Sinar Harapan edisi 9 Oktober mengutip pernyataan Dewan Gereja Indonesia yang mengatakan tidak habis pikir bagaimana mungkin di sebuah negara Pancasila yang mempercayai Tuhan tindakan amoral seperti itu bisa terjadi. Edisi 12 Oktober koran Duta Masyarakat yang berafiliasi dengan Nahdlatul Ulama (NU), organisasi Muslim terbesar di Indonesia dan lawan lawas PKI dalam politik segitiga Nasakom, menurunkan berita yang menggambarkan anggota Gerwani menari sambil telanjang di depan korban yang sudah sekarat dan tewas. Tarian mereka, tulis Duta Masyarakat, mengingatkan pada upacara kaum kanibal masyarakat primitif ratusan tahun lalu.
Sebulan kemudian, Angkatan Bersenjata edisi 3 November menurunkan laporan tentang pengakuan seorang anggota Pemuda Rakyat yang menyaksikan anggota Gerwani berteriak-teriak sambil bernyanyi-nyanyi dan mempermainkan Jenderal Ahmad Yani yang sudah sekarat tak sadarkan diri.
Tidak sampai di situ. Gambaran tentang anggota Gerwani yang binal dan bermoral rendah diabadikan Orde Baru pada relif di bagian bawah monumen Pancasila Sakti di Lubang Buaya. Bulan Januari 2009 lalu saya menyempatkan diri mengunjungi monumen itu dan mengamati relief tersebut. Tiga orang anggota Gerwani sedang menari sambil tersingkap belahan dada mereka, sementara tak jauh dari mereka seorang korban penculikan yang mungkin sudah dibunuh dimasukkan ke dalam sumur tua Lubang Buaya.
Itulah agaknya sedikit dari banyak berita yang membuat Bung Karno donder. Dan ia masih melanjutkan pendonderannya.
“Saya pada waktu itu memakai saya punya gezond verstand, Saudara-saudara. Dan dengan memakai saya punya gezond verstand, itu saya betwiffelen, ragukan kebenaran kabar ini. Tetapi saya melihat akibat daripada pembakaran yang sedemikian ini. Akibatnya ialah, masyarakat seperti dibakar. Kebencian menyala-nyala, sehingga di kalangan rakyat menjadi gontok-gontokkan, yang kemudian malahan menjadi sembelih-sembelihan.”

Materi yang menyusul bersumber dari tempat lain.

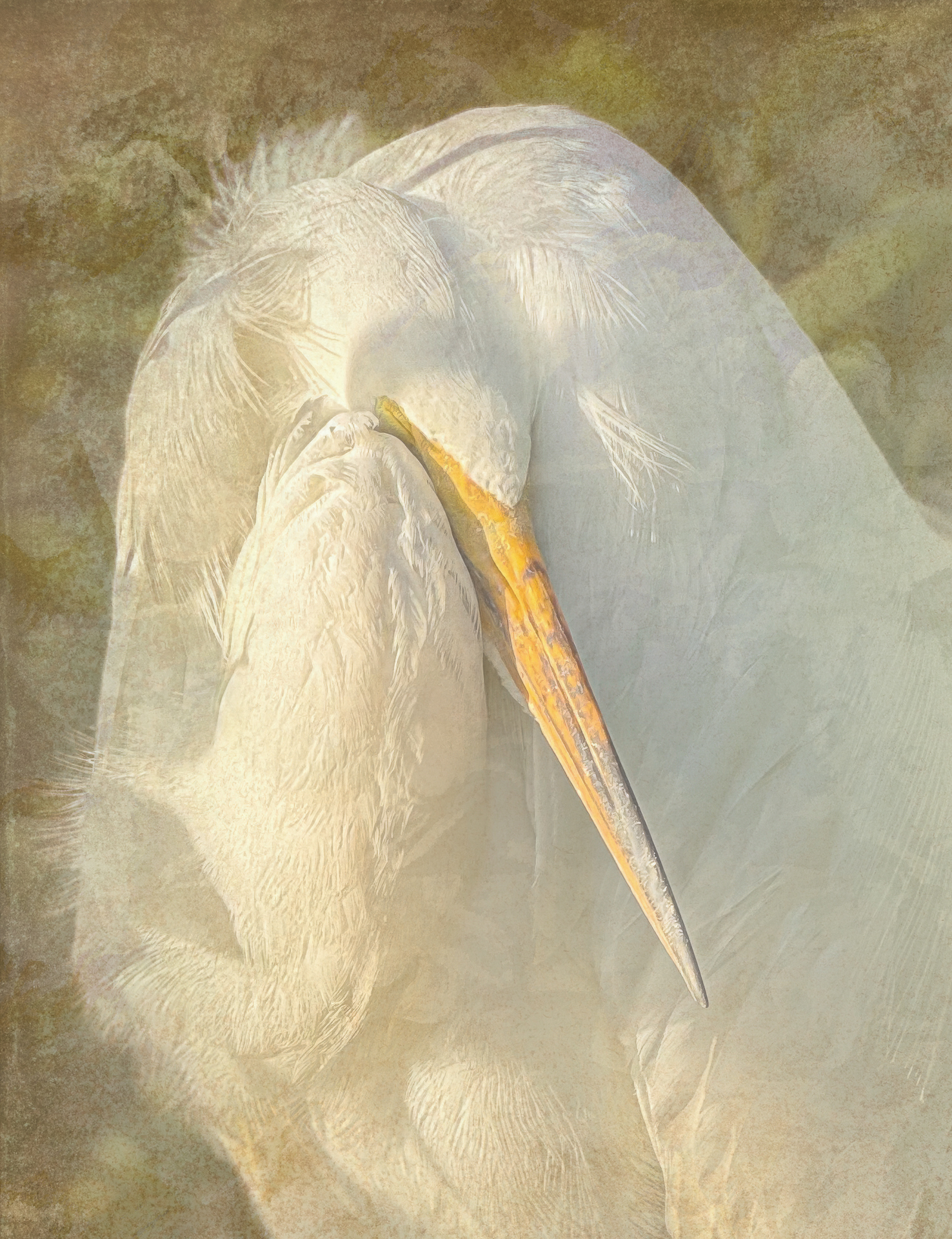 3rd PrizeCreative Artistry In Class 3 By Deb Payette For Mornings Are Rough SEP-2025.jpg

“Nah, Saudara-saudara, waktu belakangan ini saya dapat bukti, bahwa memang benar sangkaan saya itu, bahwa jenderal-jenderal yang dimasukkan semua ke Lubang Buaya tidak ada satu orang pun yang kemaluannya dipotong. Saya dapat buktinya darimana? Visum repertum daripada team dokter-dokter yang menerima jenazah-jenazah daripada jenderal-jenderal yang dimasukkan ke dalam sumur Lubang Buaya itu.”
***
Pada tubuh Ahmad Yani, misalnya, tim dokter menemukan delapan luka tembak dari arah depan dan dua luka tembak dari arah belakang. Juga ditemukan dua luka tembak yang tembus di bagian perut dan sebuah luka tembak yang tembus di bagian punggung. Matanya masih utuh walau sudah kempes, begitu juga dengan kemaluannya, masih ada pada tempatnya walau sudah membusuk.
Dokumen visum et repertum ketujuh Pahlawan Revolusi ini ditulis dalam format yang sama. Di pojok kanan atas halaman depan terdapat tulisan “Departmen Angkatan Darat, Direktortat Kesehatan, Rumah Sakit Pusat, Pro Justicia”.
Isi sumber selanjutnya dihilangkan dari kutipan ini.